To me, Mastodon’s biggest problem is its refusal to have an algorithm to surface popular content.
Isn’t Explore - Posts on the desktop web client exactly what you’re looking for? It was always there and it’s where I spend most of my Mastodon time.
It looks like that’s popular posts by anyone, not just by people I follow. So it’s a start, but different people want to see different things so having a single firehose like Explore doesn’t really meet the need. For me, I want to see popular stuff by people or hashtags I follow. Other people might want to see other things.
Yes, that’s true. I am under the impression that “the algorithm” on the popular platforms mixes in posts from people you don’t follow. The only one I was somewhat familiar with was the Twitter one from when I was there.
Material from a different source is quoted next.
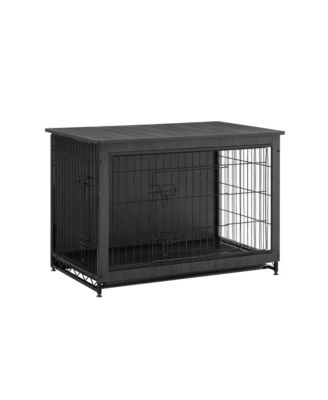 Indoor Dog Crate Furniture with Double Doors, Reversible Side Door, Removable Tray, Top Holds 154 lb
Problem with algorithms showing popular content is that once you have them, you’ll have people trying to use them to make money. And by extension people trying to manipulate you for profit. Doesn’t have to be the platform itself doing it for it to be harmful.
Yeah being manipulated by algorithm is a problem. The best solution I can think of is Mastodon adding the ability to choose your algorithm. Not just a list of approved ones since the admins could manipulate that list, but the ability to actually upload some code so you can either write your own algorithm or choose one written by someone you trust.
That comes with a lot of problems like potentially overworking the server so I don’t know if it’s actually a viable solution but it would be nice.
As a layman, I promise you “write your own algorithmic code” is not a feature that would compel me to sign up for a service
I was thinking along the lines of being given a list of popular algorithms, but if you find an algorithm you like on another instance you can copy it over to your instance. So it is not necessary to write code and nearly nobody would do it, they would just use ones that other people created.
But I realize this is an extremely difficult request so I’m not really serious when I propose it.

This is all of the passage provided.